Data management for analytics: Best practices and examples

0
Two colleagues discuss data management for analytics best practices
Read an article: 5 data management best practices to help you do data right

Looking for some best practices for data management when you’re doing analytics? Experience has shown me that data management best practices should encompass the areas of governance, quality and storage. I’ll share a few examples.

Data governance

The other day I was working on a project in a data warehouse environment where the analytics team wanted to add new data in the semantic layer, but not in the core layer. In a case like this, you need to consider several key questions:

  • How can I rebuild the semantics if the data is not in the core layer?
  • Where does that data come from?
    • How can I get it again?
    • How can I rebuild history if it’s not in the core layer?
  • Is all the data in the semantic layer supposed to have data governance applied to it? And are there corporate data governance policies that include third-party vendor data?

Data quality

This is not the first time that I've dealt with a requirement where data is needed in the semantic layer for a specific report or analysis. For example, let’s say a company purchased data from a vendor. You may want to join that data together with your existing data, but only in the semantic layer of the data warehouse, and only for a specific report (probably joined on geographic area, etc.). Why would you need to bring the data into the core layer of the data warehouse from staging? Some assumptions about the data include:

  • You do not govern third-party data using your policies. This data is for analysis ONLY. (Don't forget to consider what data quality measures will be required on the third-party data.)
  • You must keep persistent history on this data in staging or a file structure if you ever want to rebuild the history in the semantic layer.
  • The data is required for analysis, and no other group will need this data.

Data storage

Another discipline in data warehousing says that all data in the semantic layer must be able to be recreated from the core layer of the data warehouse. This discipline requires more integration and relationship work within the core layer of the data warehouse, but it may pay off later when you want to rebuild the semantics. The goal should be to roll and re-roll semantics any way business users need it. Storing more data will require more work in design, and more space for storage. Data would reside in staging, core and semantic layers of the data warehouse.

Looking ahead

Best practices for analytics reside within the corporate data governance policy and should be based on the requirements of the business community. There will come a time when you must address a requirement like some of those listed above.
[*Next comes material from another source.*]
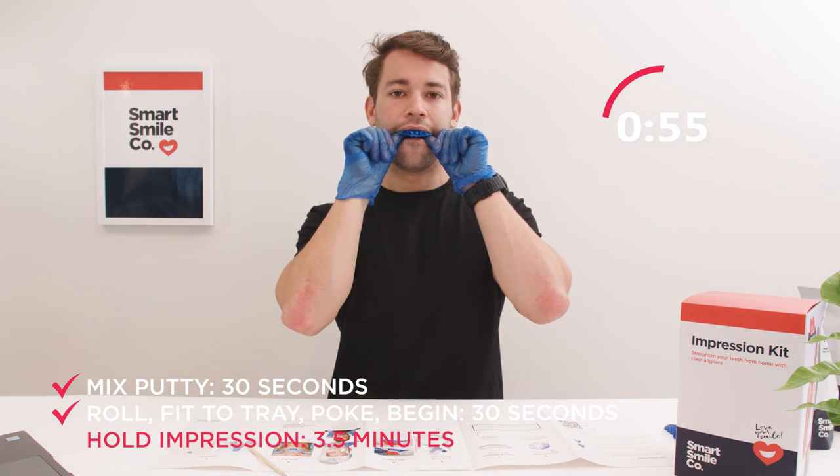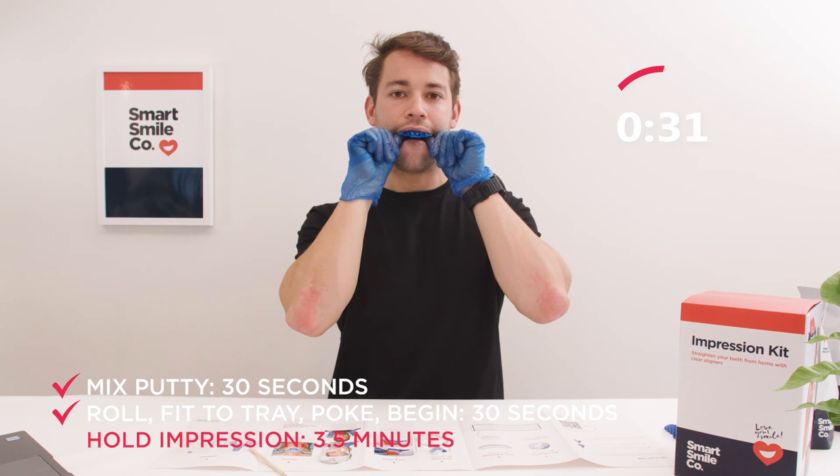Only one minute to go. When the countdown is finished, gently ease the impression out from the sides. Don't only use the front handle.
When this happens, your objective is to be as flexible as possible in meeting business needs quickly, without jeopardizing corporate data governance policies.

Some companies have committees or councils that analyze the data governance requirements of any new data that’s brought into the enterprise. Not a bad idea – as long as it doesn’t create a bottleneck for meeting business needs quickly.

What you don’t want is for the business to bring data into the enterprise without first knowing how to manage, store and use it. It’s as simple as that. Consider today’s world, where data streams constantly. You’ll need to be very flexible about storing and using this data to meet new business requirements. Consider including governance and policies on streaming data now – and be willing to enhance existing policies over time, to meet ever-changing corporate needs.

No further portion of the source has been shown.